From “Präzision und Offenheit- Mit Räumen zeichnen,” /#Minimal/Concept:
Zeichenhafte Sprachen im Raum#/ by Christian Schneegass-Amsterdam; Dresden: Verlag der Kunst, 2001, pp. 87–94.
Drawing with spaces
Andreas Schmid about his artistic approach:
“Concerning my approach, I would first like to report of various experiences that led to a formation of the premises for my notion of ‘drawing in space’…
During my years in the People’s Republic of China from 1983 to 1986, I studied the nature of the line, for example in classical Chinese calligraphy and the history of calligraphy. The relationship between black and white within a single character as well as the relationship of characters to one another, both graphic and spatial, was the object of my study. But equally important was working through the mental tension in drawing the line. The lines of each individual character act in space, the character itself creates space, just as the sequence of characters within the whole process. Our own thinking is transferred indelibly and directly to the paper.
At the same time, writing develops a rhythm of its own. The whole sheet has—by way of writing—a form and a link to content. Furthermore, a dramaturgy develops, a score of writing. This position goes far beyond the mere writing of a text and is clearly an artistic act.

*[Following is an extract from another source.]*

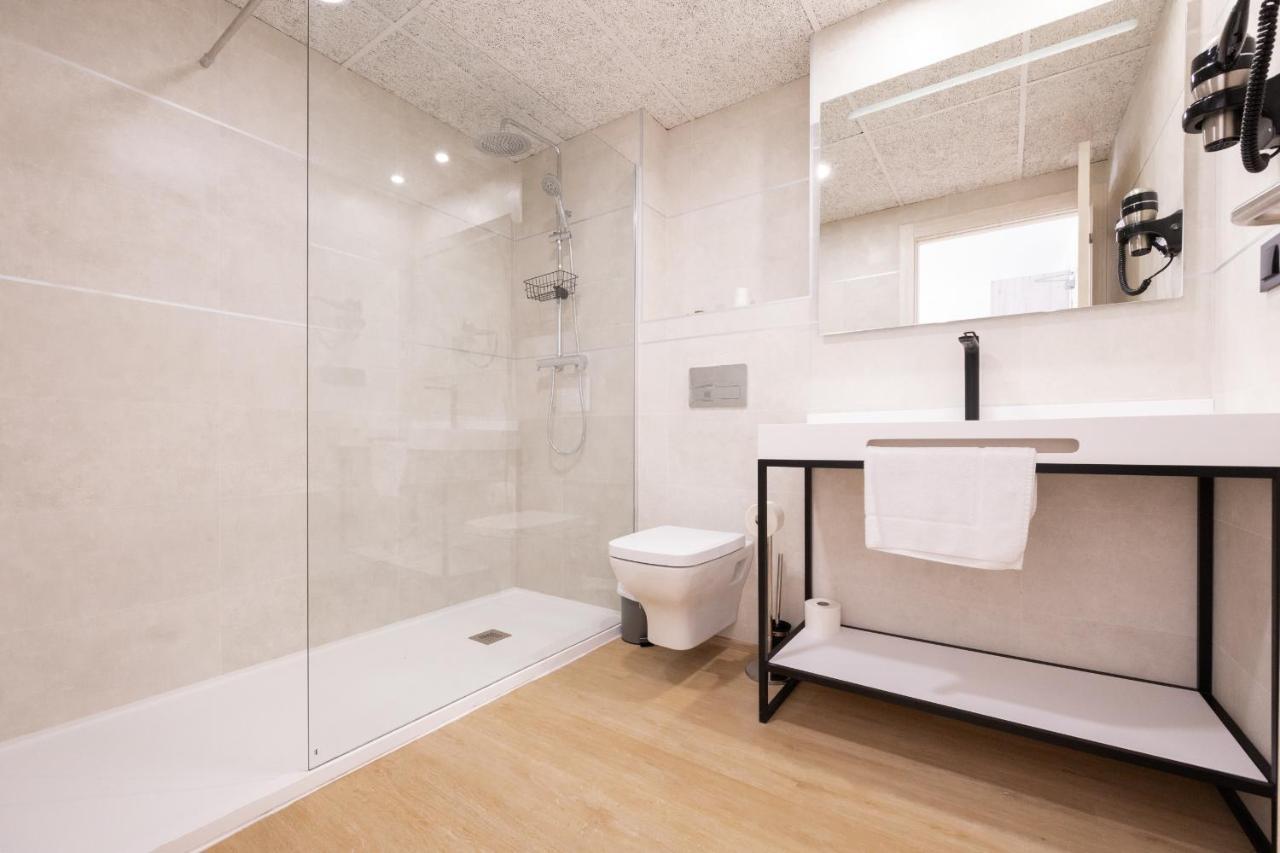 Hotel Costa Brava 로지즈 외부 사진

Fascinating for me is a statement, confirmed by practice, that was made by the calligrapher Wang Dongling in November 1983, that the calligrapher can hear the speed with which the brush needs to be moved (“You will hear how fast you need to write.”). Besides technique, a feeling for the precision of the placement on the sheet and in space develops. These experiences find their application in my spatial works in the European context.
Alongside Chinese calligraphy, my experiences with wide expanses of landscape have shaped my work. Journeys through the expansive landscapes of Northwestern China or the American West, especially through steppes and deserts, gave me the experience of transparency, extension, and size, and at the same time made clear one’s own relativity. The tiniest geographical or color differences can change the whole character of the landscape, even if these changes only stretch very slowly across large spaces. Some landscapes exhibit strong values of approach in terms of drawing or the graphic arts. The desert regions of China, the US, Peru, or Egypt showed me that it is possible to decisively structure a “large” space with relatively minimal, yet precise interventions.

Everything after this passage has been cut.